Angenommen, jedes Ziel, das wir erstrebten,

läge uns noch immer fordernd im Gemüte, -

furchtbar könnten alte Wünsche in uns wüten,

wo die Misserfolge ewig weiter bebten.

 

Ganz untauglich wären wir, in spätren Tagen

dem vom Fehlschlag neu geschärften Blick zu trauen

und mit denen einen Zukunftssud zu brauen,

die uns um Erfahrung anzugehen wagen.

 

Beispielsweise deren Hoffnung wär zu pflegen,

deren Mut noch nicht ganz zuverlässig tönt.

Auch der tief Verstörte habe unsern Segen,

 

den die Häme nach dem jähen Fall verhöhnt. –

Und den Kindern halen wir ein Wort entgegen,

die das Lob der Lieblingstanten dumm verwöhnt.

 

 

 

 

2001 – 2002

 

Von nun an kauft man flotter mit dem Euro-Geld:

Oliven aus Ahen, aus Frankreich Baskenmützen.
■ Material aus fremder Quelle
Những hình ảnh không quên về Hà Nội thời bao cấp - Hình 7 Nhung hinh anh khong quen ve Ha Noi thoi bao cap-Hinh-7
Doch wenn die Zwickel auch wie Gold und Silber blitzen,

der Fachmann sagt voraus: „Die Wachstumskurve fällt.“

 

Es wird gerechnet werden und gestritten,

wie man Gewinn, Verlust und Schulden präsentiert.

Der eine tarnt sein Gut, bevor er es verliert,

ein andrer schämt sich blass, soll er um etwas bitten.

 

Das ist ein altes Lied, gespielt auf neuen Saiten. –

Den wahren Schrecken wecken die dissonanten Chöre,

die mörderisch verlangen gefolgschaftstreu zu hassen. –

 

Die mit den wachen Augen, die sollten wir begleiten,

die im Geschrei der Sieger auf Nüchternheiten hören

und sich in keiner Währung den Mut abkaufen lassen.